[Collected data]
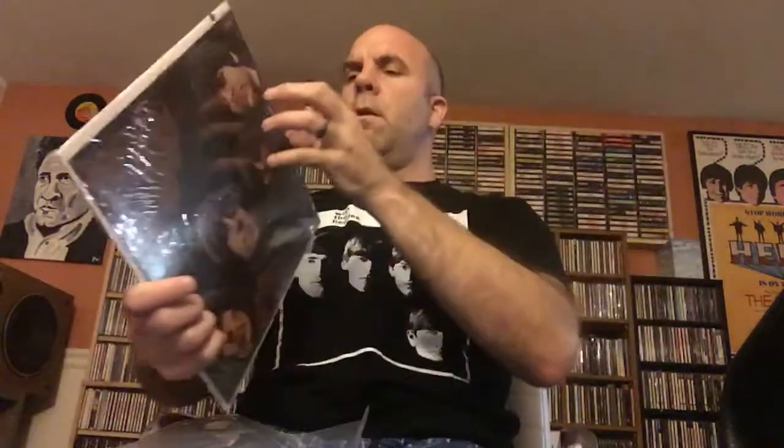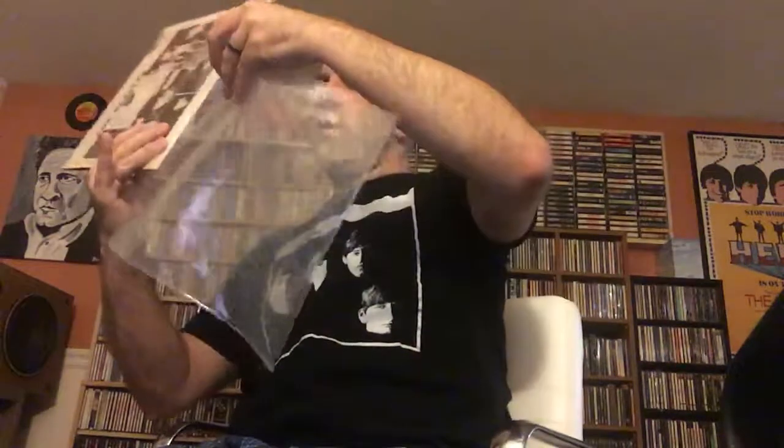I don't know if I remember whether the inner sleeve is anything fancy or not. Actually it is — they have the original sleeve that it came in. Let's find out. Sure enough, it's true — it is the actual sleeve that it came in. I never actually compared that before, but it's refreshing to know that it is in fact the right one.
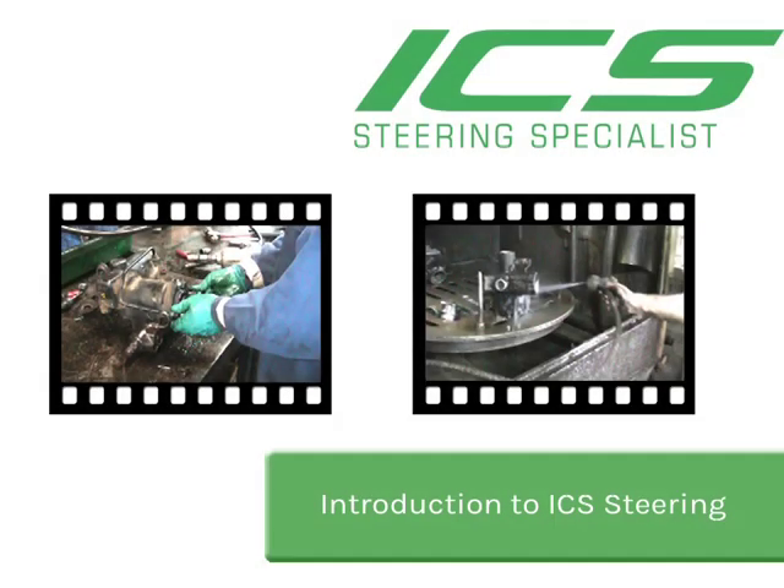Hello and welcome to ICS Steering Specialist, professional remanufacturing and engineering for over 25 years. ICS remanufactures a wide range of steering components from classic cars and 4x4s through to commercial vehicles and buses, dealing with many types of steering boxes, steering racks and power steering pumps.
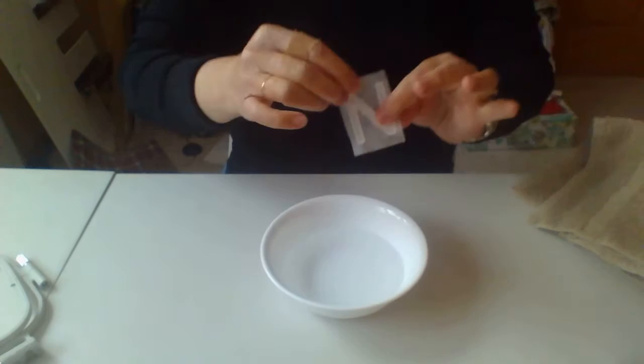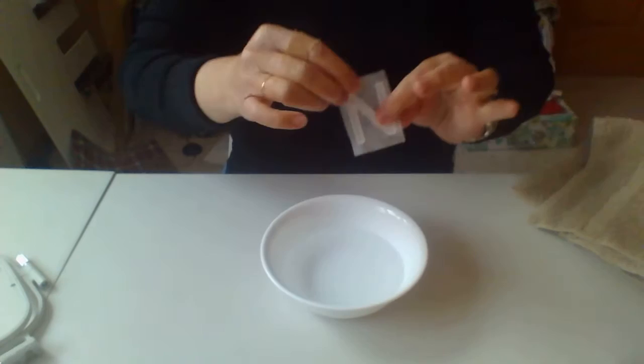Once the design has stitched out, we're going to unhoop it. Then what I like to do is cut away fairly close to the design — the only reason is I just don't want a lot of the stabilizer going down the drain. Typically I just trim it close and then rinse it in the kitchen sink. But today I have just a little bowl of water, and we'll just put it in the water.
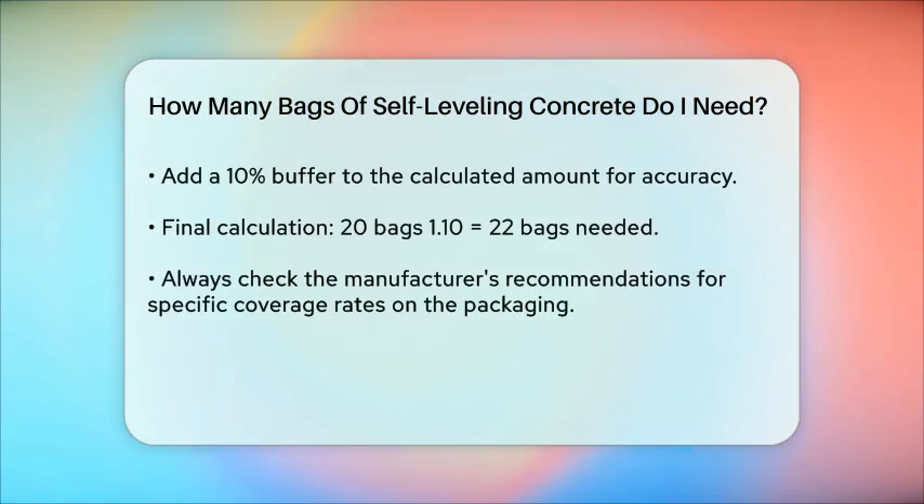But here's a tip: it's always wise to add a 10% buffer to your calculated amount. This ensures you won't run short in case of minor miscalculations or unexpected floor depressions. So for this example, you would need 20 bags × 1.10 = 22 bags.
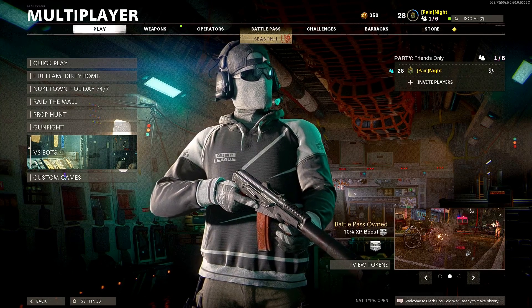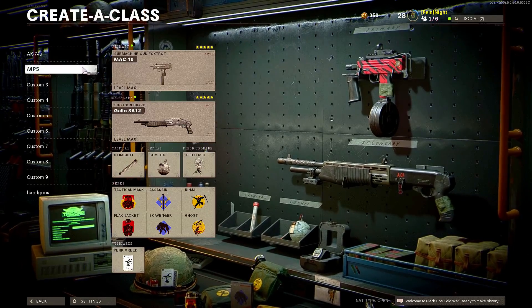What's going on guys, it's Night of Day, and hopefully you have a fantastic day like always. In today's video I got the best loadout for the MAC-10.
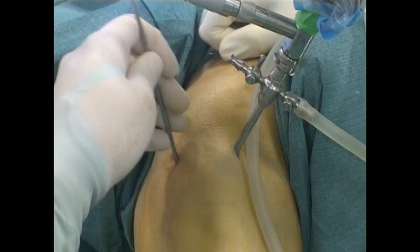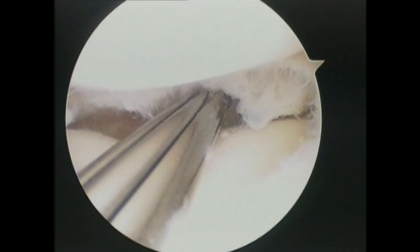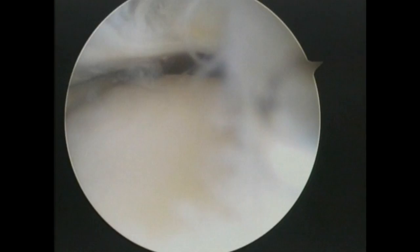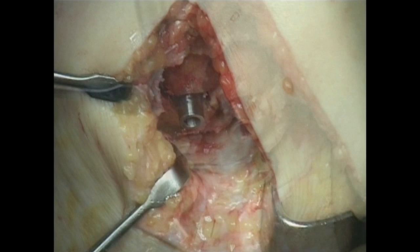The same tibial resurfacing procedure can also be performed through the arthrotomy incision used for the implant of the femur component. Meniscal sparing is guaranteed also with this technique. The preliminary arthroscopy is useful in order to evaluate the state of the articular cartilage and menisci. In arthrotomy tibial resurfacing, it is advisable to first prepare the femur site in order to gain better exposure of the posterior portion of the tibial plateau.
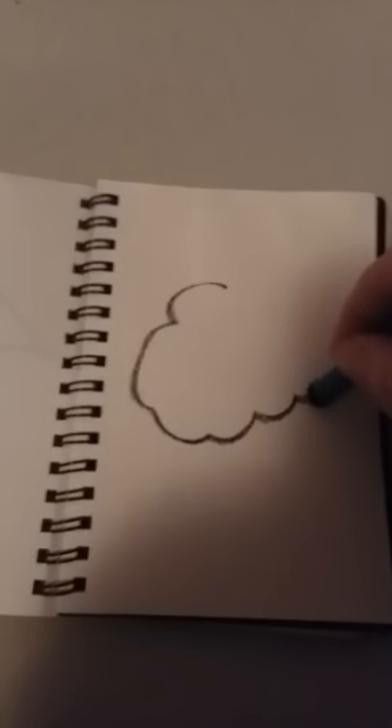So to draw a cloud, we'll draw some bumpy lines, making a big puffy shape. There, a cloud.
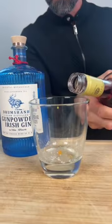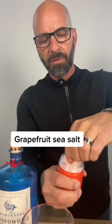A little Campari. A little bit. More muddle. Grapefruit. Sea salt.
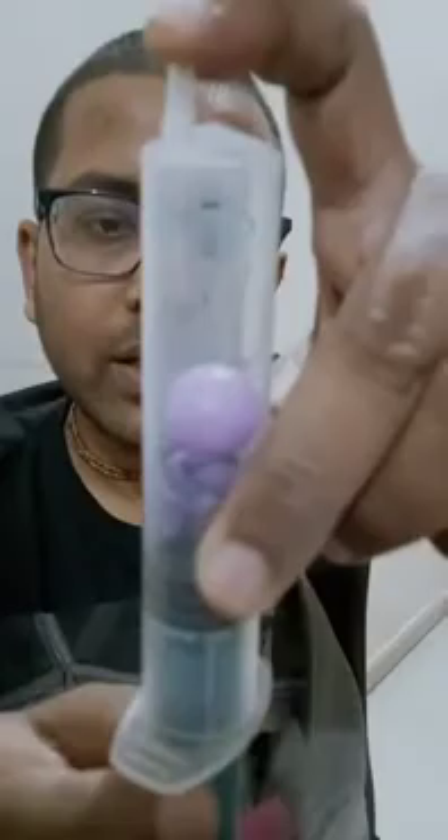Hello dear friends. In this experiment I have taken a syringe, and in the syringe you can see there's a small balloon fixed inside. Now what I will do is I'll put my finger over here and I will compress this syringe.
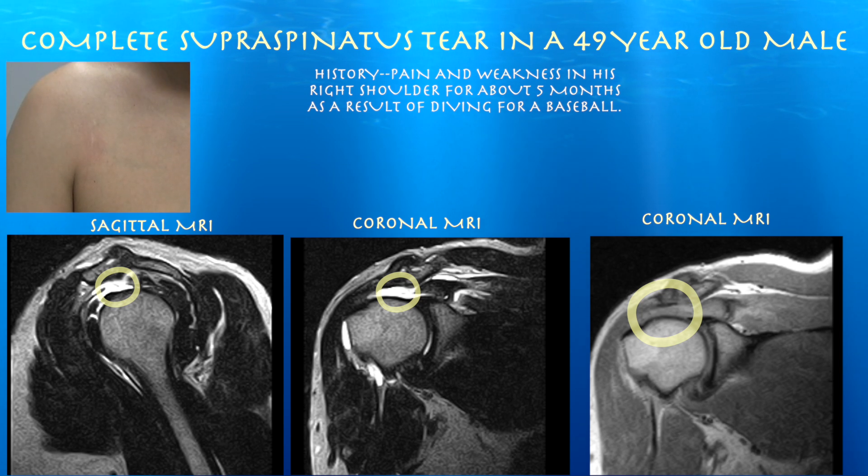Otherwise, his infraspinatus is intact, and subscapularis tendons are intact. Also, the biceps tendon is intact as well.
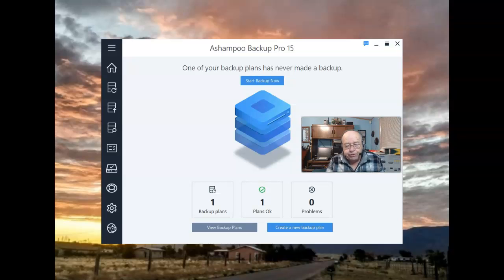Shampoo Backup Pro 15. In the last video we set up a backup plan. Now I've just opened the user interface and it tells me that one of those backup plans has never made a backup, probably because its first backup is scheduled for Saturday at 7 p.m.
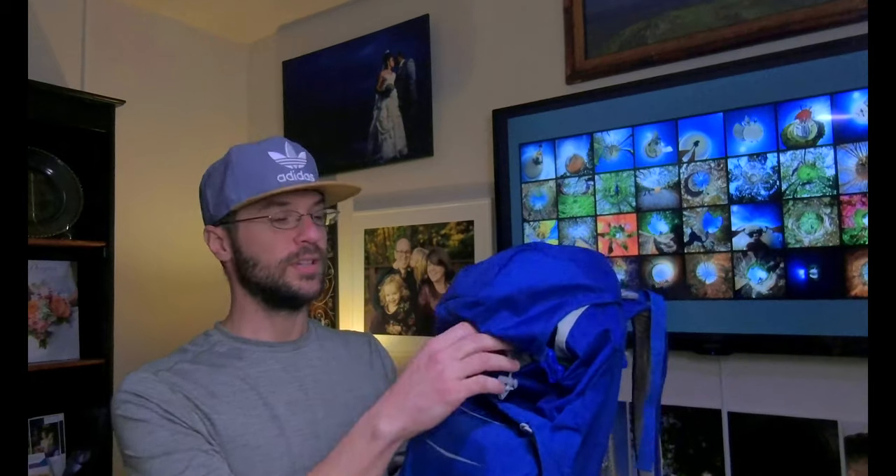Whenever I do bikepacking, canoeing, or kayaking, I carry my camera equipment in a camera bag. Over the years I've searched far and wide for a bag that is both a backpacking bag and a camera bag, and something like that doesn't really exist. The best option I've ever found is this — the LowePro Photo Sport 200. This bag is fantastic, and you could probably do an overnighter with it in the summertime.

**What the task requires:** Exact repetition is the task: every line from the start of the data to the line with "But here's a", inclusive, and none after it, pictures omitted.

**Finished task:**
I don't know if I remember whether the inner sleeve is anything fancy or not. Actually it is — they have the original sleeve that it came in. Let's find out. Sure enough, it's true — it is the actual sleeve that it came in. I never actually compared that before, but it's refreshing to know that it is in fact the right one.
Hello and welcome to ICS Steering Specialist, professional remanufacturing and engineering for over 25 years. ICS remanufactures a wide range of steering components from classic cars and 4x4s through to commercial vehicles and buses, dealing with many types of steering boxes, steering racks and power steering pumps.
Once the design has stitched out, we're going to unhoop it. Then what I like to do is cut away fairly close to the design — the only reason is I just don't want a lot of the stabilizer going down the drain. Typically I just trim it close and then rinse it in the kitchen sink. But today I have just a little bowl of water, and we'll just put it in the water.
But here's a tip: it's always wise to add a 10% buffer to your calculated amount. This ensures you won't run short in case of minor miscalculations or unexpected floor depressions. So for this example, you would need 20 bags × 1.10 = 22 bags.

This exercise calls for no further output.